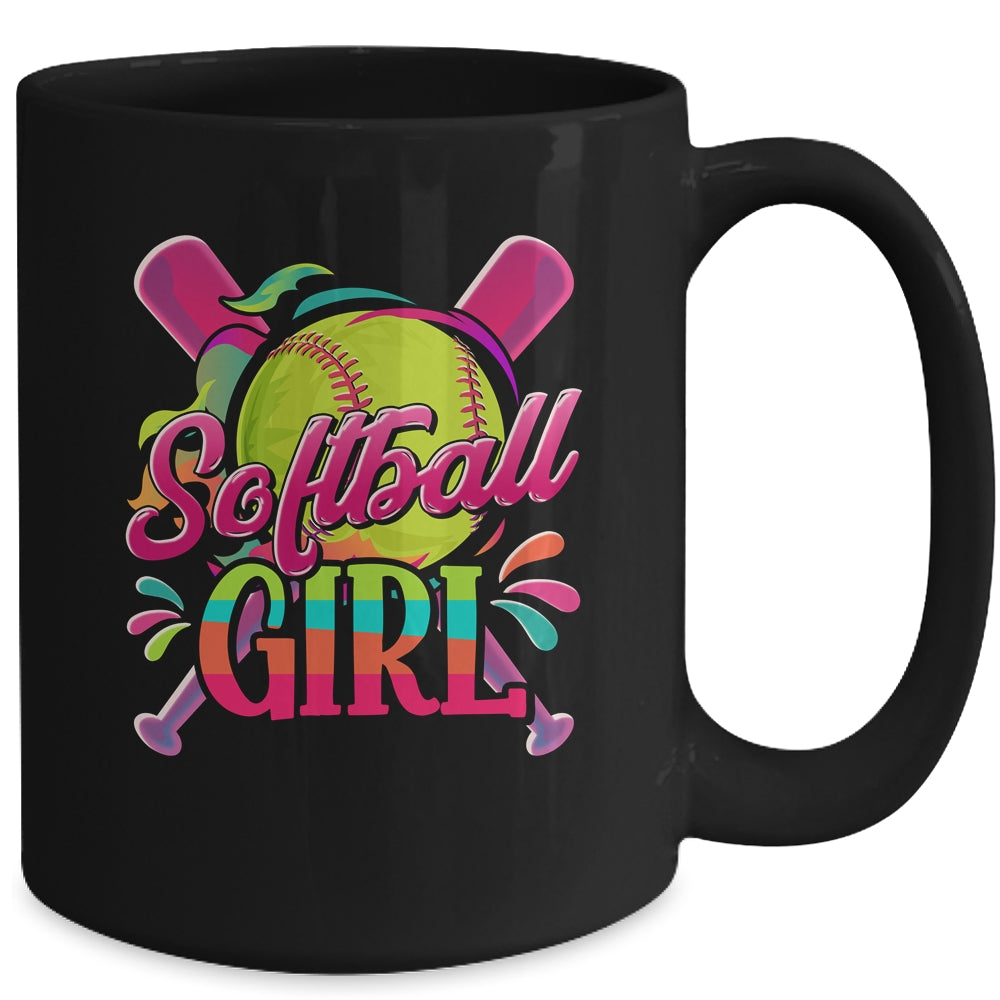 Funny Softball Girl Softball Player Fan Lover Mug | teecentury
•••••
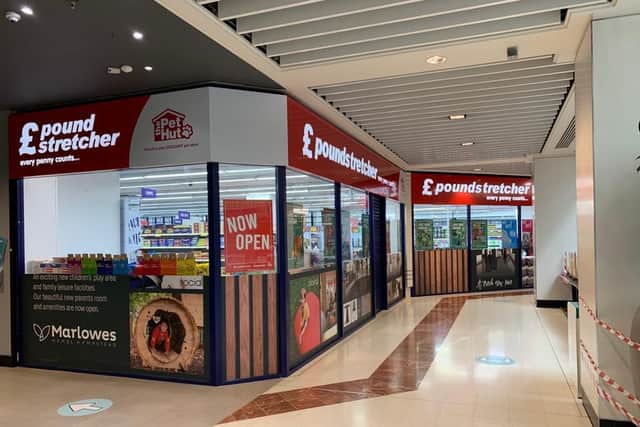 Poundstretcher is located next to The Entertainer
•••••
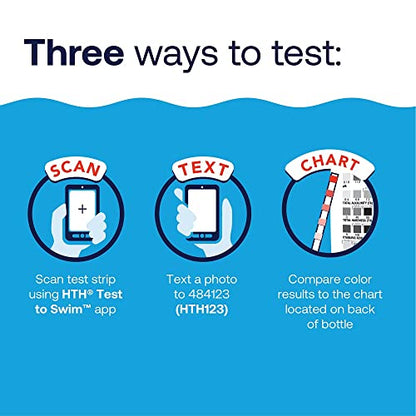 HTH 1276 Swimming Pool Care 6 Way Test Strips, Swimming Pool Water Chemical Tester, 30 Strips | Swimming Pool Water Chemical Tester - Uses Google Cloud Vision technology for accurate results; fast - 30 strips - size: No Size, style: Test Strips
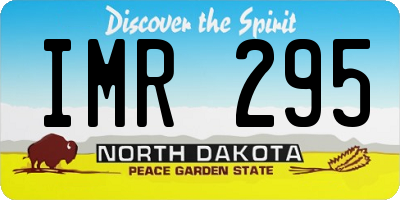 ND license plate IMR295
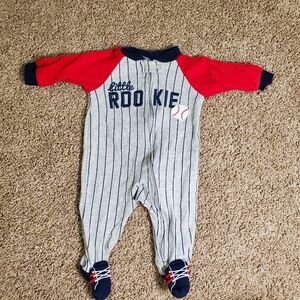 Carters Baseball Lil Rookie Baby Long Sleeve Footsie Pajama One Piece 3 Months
•••••
Required work
Beginning at the line that has "HTH 1276 Swimming" and ending at the line that has "ND license plate IMR295", restate the listing above word for word, pictures left out.

Solution for this problem
 HTH 1276 Swimming Pool Care 6 Way Test Strips, Swimming Pool Water Chemical Tester, 30 Strips | Swimming Pool Water Chemical Tester - Uses Google Cloud Vision technology for accurate results; fast - 30 strips - size: No Size, style: Test Strips
 ND license plate IMR295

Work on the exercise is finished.